■ **Material provided**:
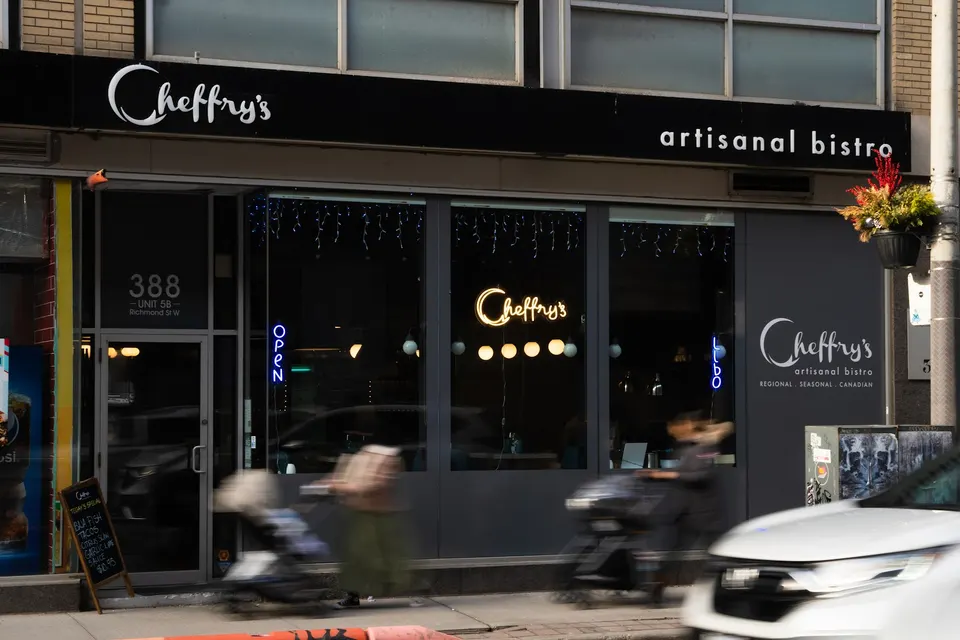 The storefront of Chefry's artisanal bistro at dusk, featuring a dark grey facade, glowing neon signs in the windows, and blurred figures of pedestrians passing by on the sidewalk.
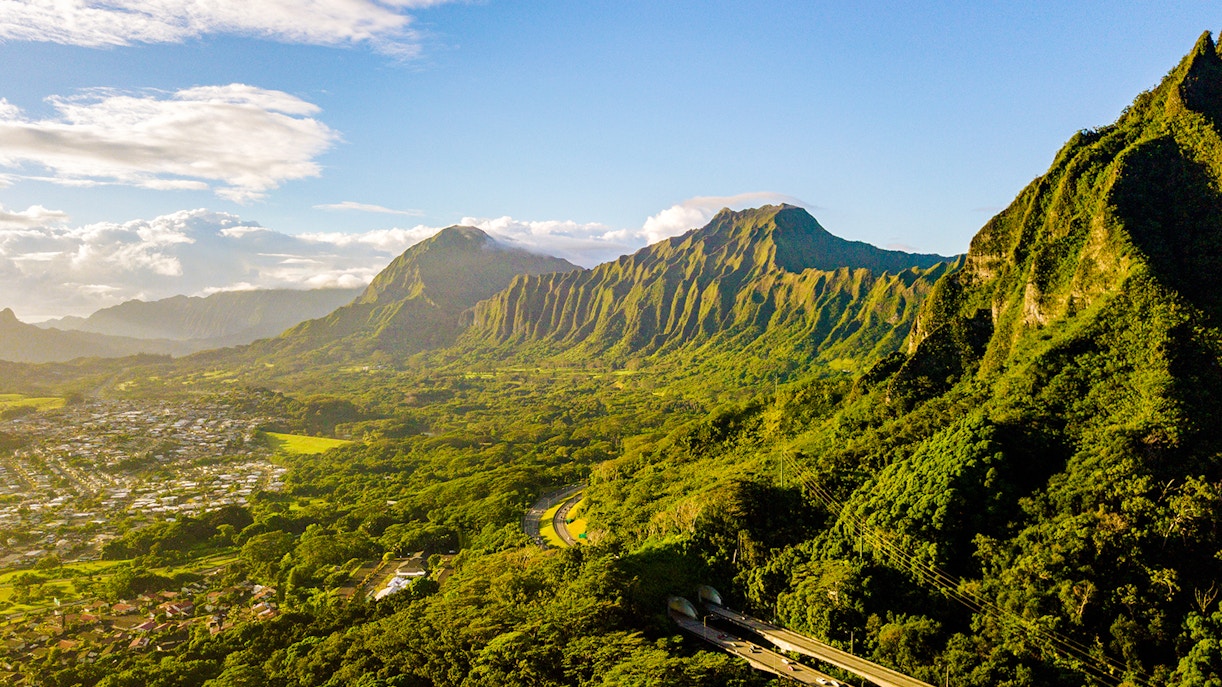 Kualoa Ranch landscape with lush green mountains in Oahu, Hawaii.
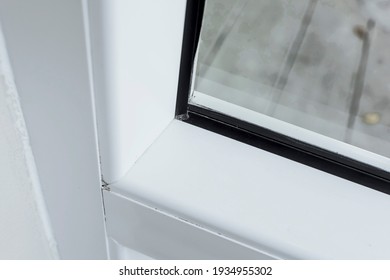 The Corner Of A Window Pvc Frame With A Rubber Gasket Or Seal.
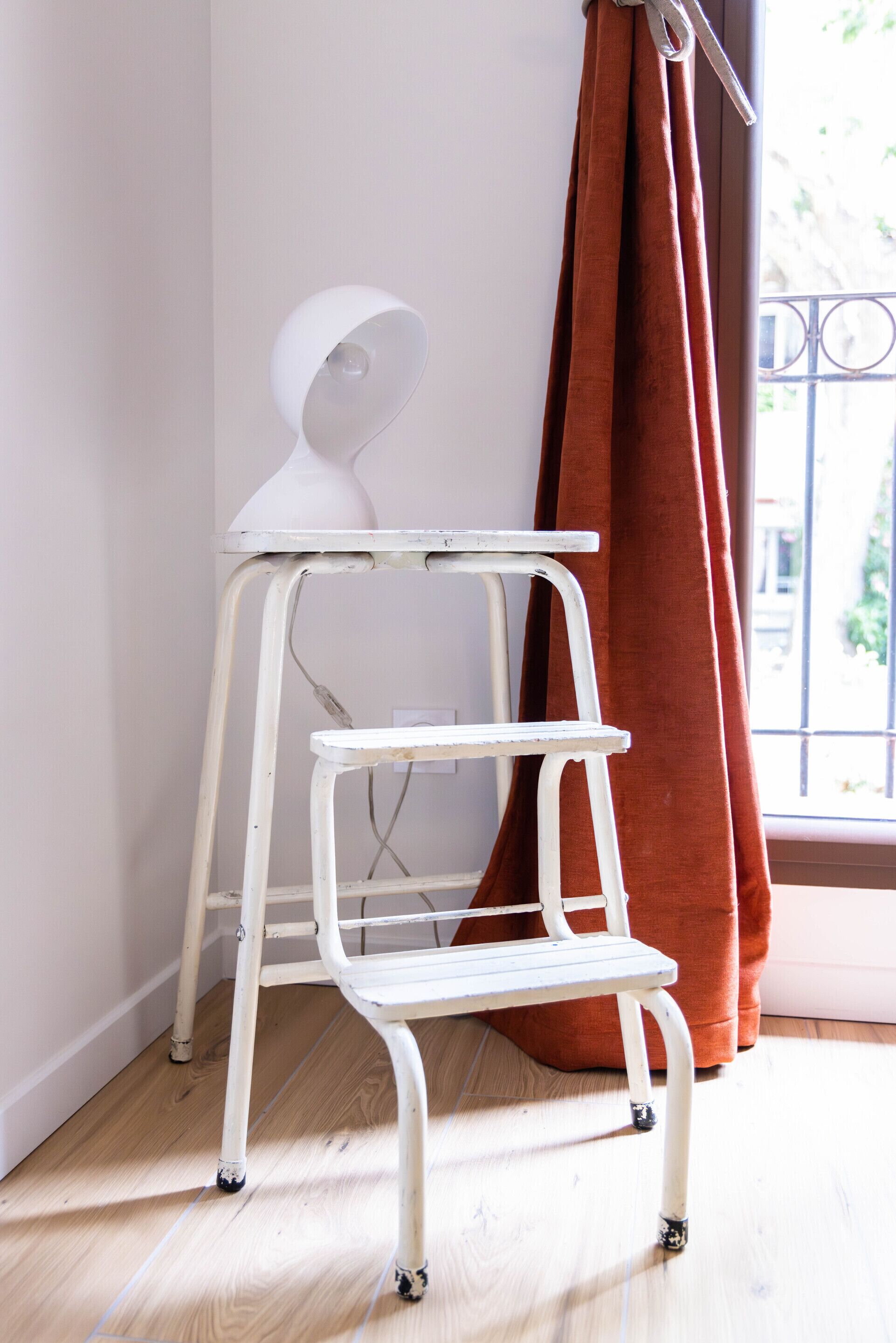 A white metal desk with a curved backrest and a shelf, positioned in a room with a window and a brown curtain.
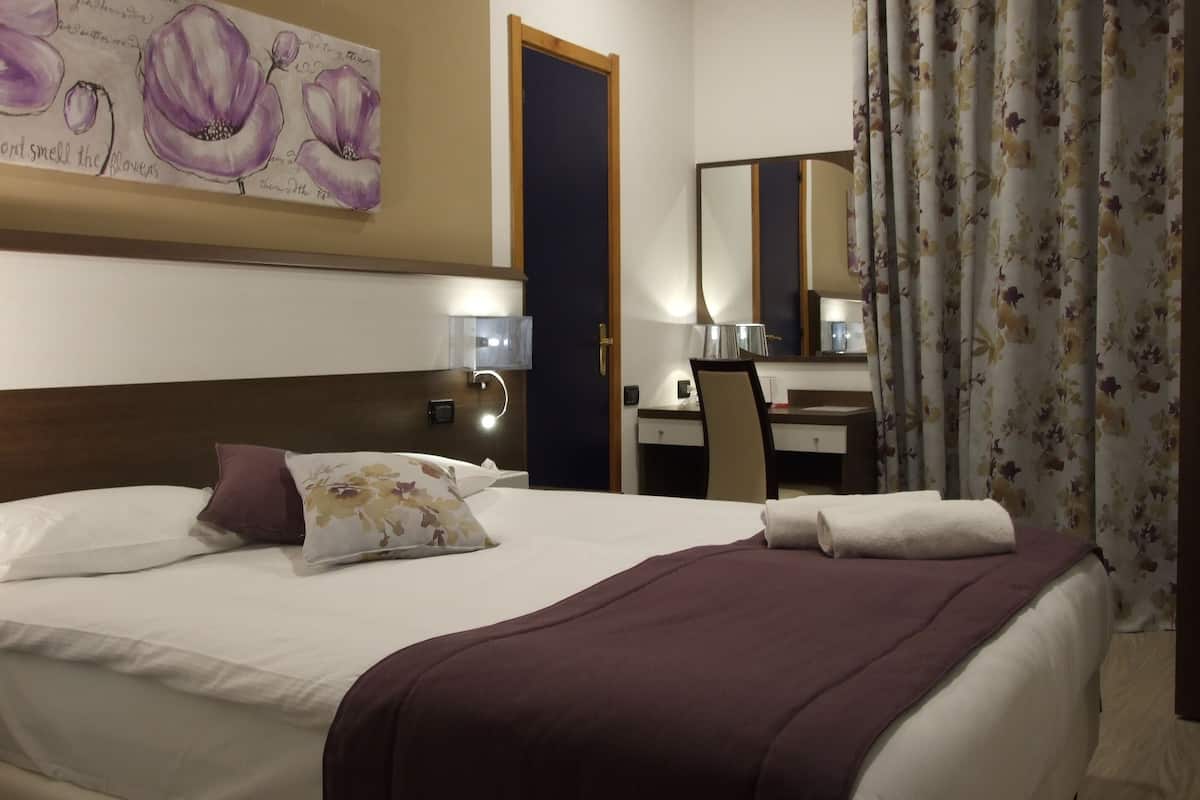 Ein Hotelzimmer mit einem großen Bett, einem Schreibtisch, einem Sessel, einem Spiegel und einem Blumenbild an der Wand.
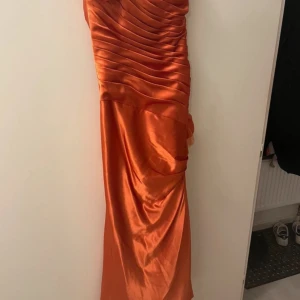 Lång orange balklänning med blomdetalj - Snygg långklänning i glansigt orange satinliknande material med draperad design och en stor blomma på axeln. Klänningen har smala axelband, figurnära passform och dragkedja i sidan. Perfekt för bal eller speciella tillfällen.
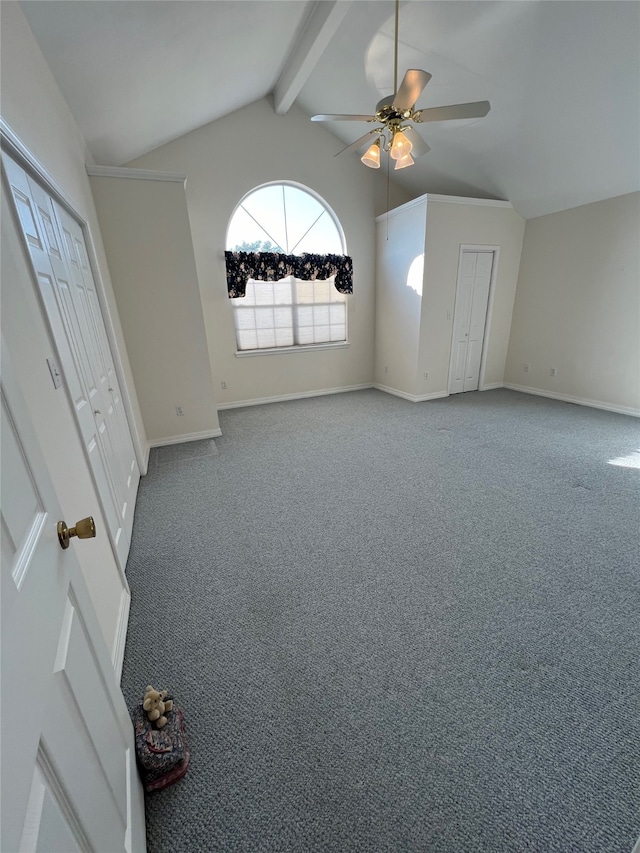 unfurnished bedroom featuring ceiling fan, vaulted ceiling with beams, and carpet flooring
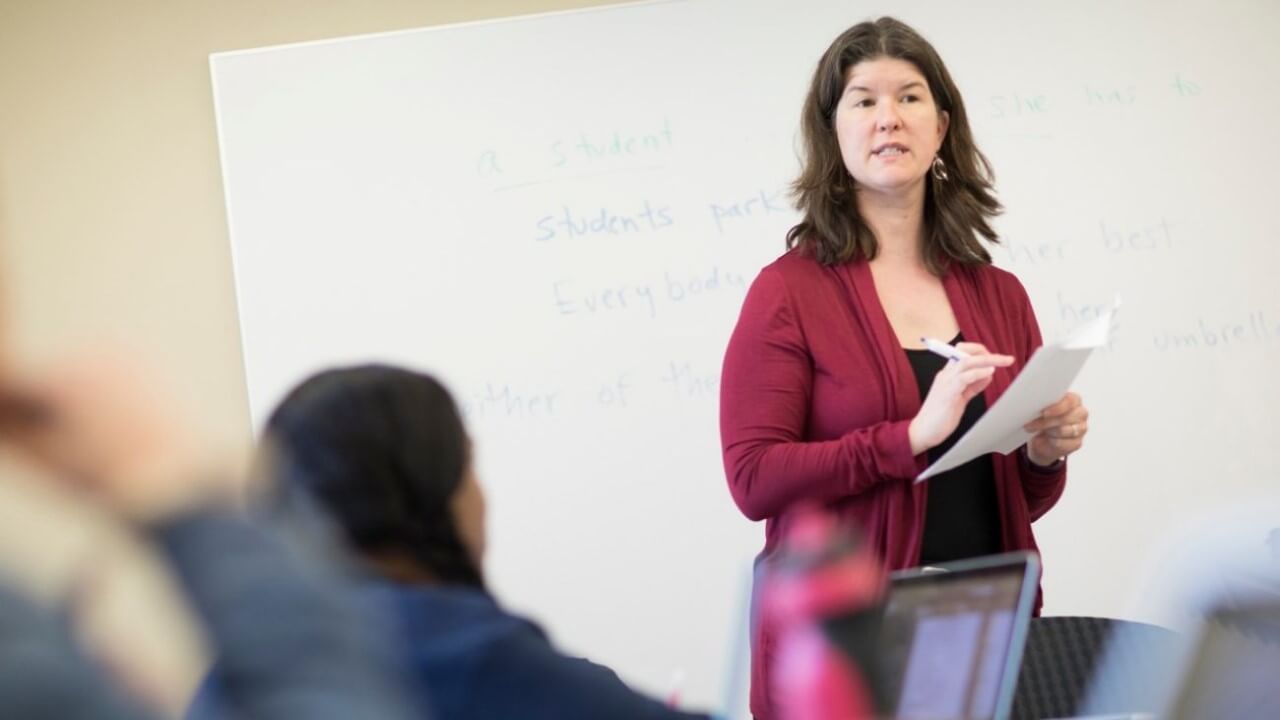 Solomon holds a piece of paper and marker as she speaks in front of a class.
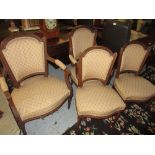 Pair of late 19th Century French carved walnut and upholstered drawing room armchairs raised on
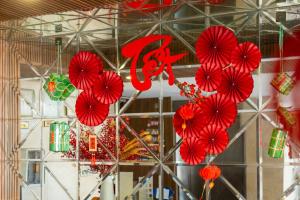 a bunch of red paper hearts hanging from a ceiling at Gold Central Hotel by Haviland in Danang +73 photos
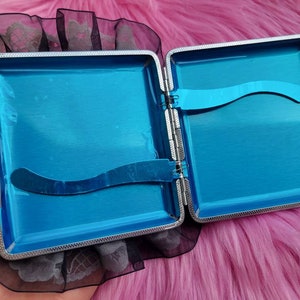 以下が含まれることがあります： 青い内側と黒いレースのトリムが付いた銀色のタバコケース。ケースが開いていて、内側が見えています。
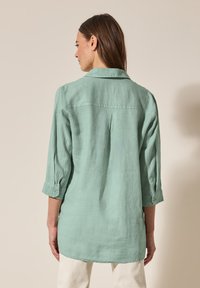 Camicia di lino verde chiaro con colletto, maniche lunghe arrotolate, dettaglio piega sul retro e vestibilità rilassata.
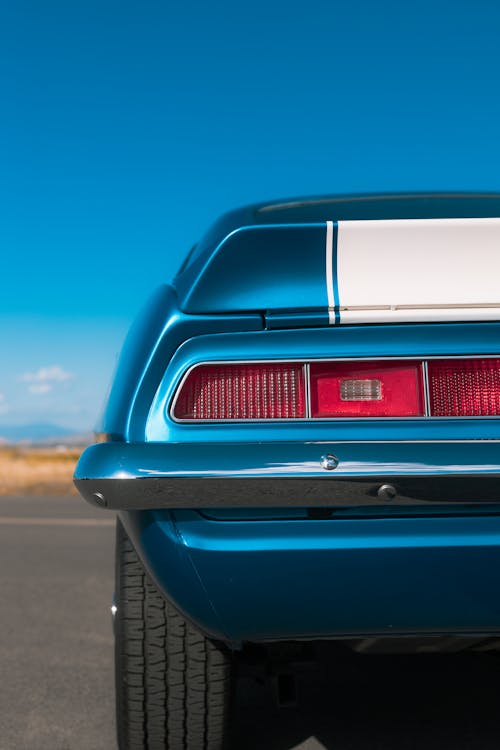 The rear end of a blue and white chevrolet camaro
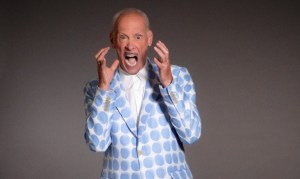 photo of director John Waters making a shrieking face while wearing a white-and-blue polka dot suit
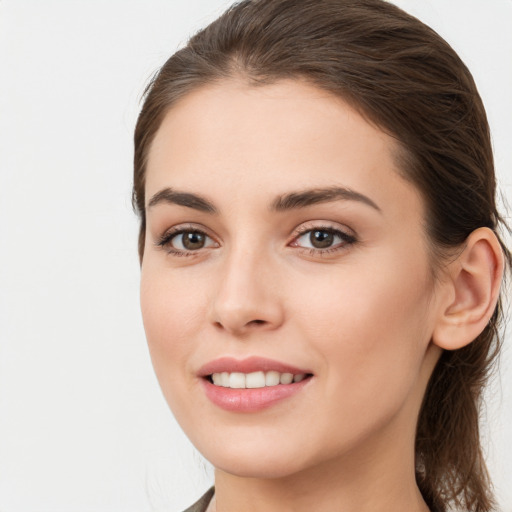 Joyful white young-adult female with long  brown hair and brown eyes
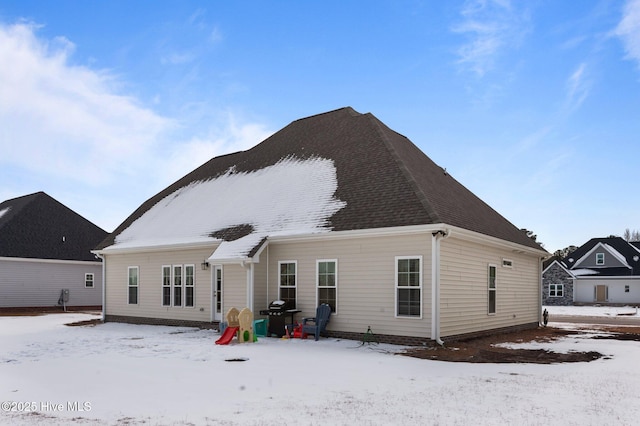 view of snow covered back of property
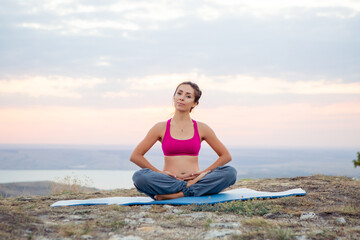 Fototapeta na wymiar young pregnant woman does yoga outdoors. Yoga at sunset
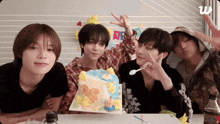 a group of young men are sitting around a table with a birthday cake in front of them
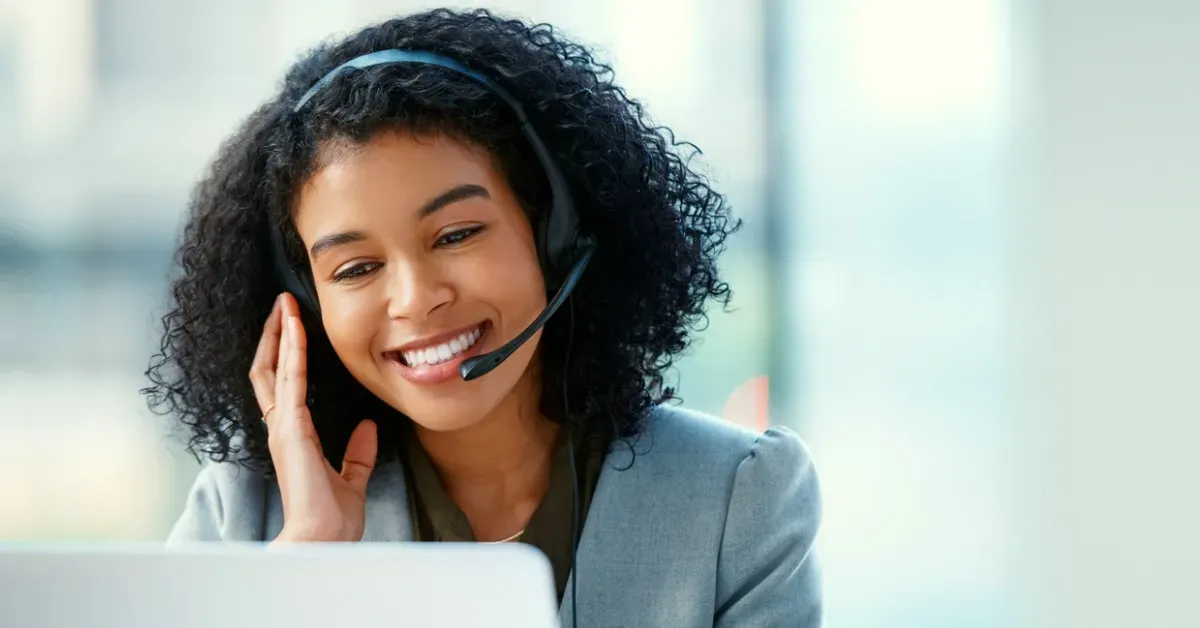 Smiling  woman with headset working on laptop in office.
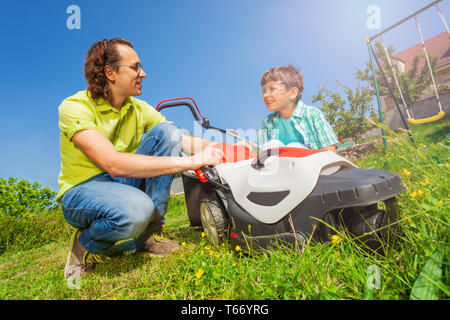 Giovane padre e suo figlio lavorando insieme al giardino, il taglio di erba utilizzando tosaerba sul giorno di sole Foto Stock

■ **What you are asked to do**:
Output only the stretch above from the line with "The Corner Of" through the line with "Lång orange balklänning", reproduced exactly. Exclude pictures.

■ **Written response**:
 The Corner Of A Window Pvc Frame With A Rubber Gasket Or Seal.
 A white metal desk with a curved backrest and a shelf, positioned in a room with a window and a brown curtain.
 Ein Hotelzimmer mit einem großen Bett, einem Schreibtisch, einem Sessel, einem Spiegel und einem Blumenbild an der Wand.
 Lång orange balklänning med blomdetalj - Snygg långklänning i glansigt orange satinliknande material med draperad design och en stor blomma på axeln. Klänningen har smala axelband, figurnära passform och dragkedja i sidan. Perfekt för bal eller speciella tillfällen.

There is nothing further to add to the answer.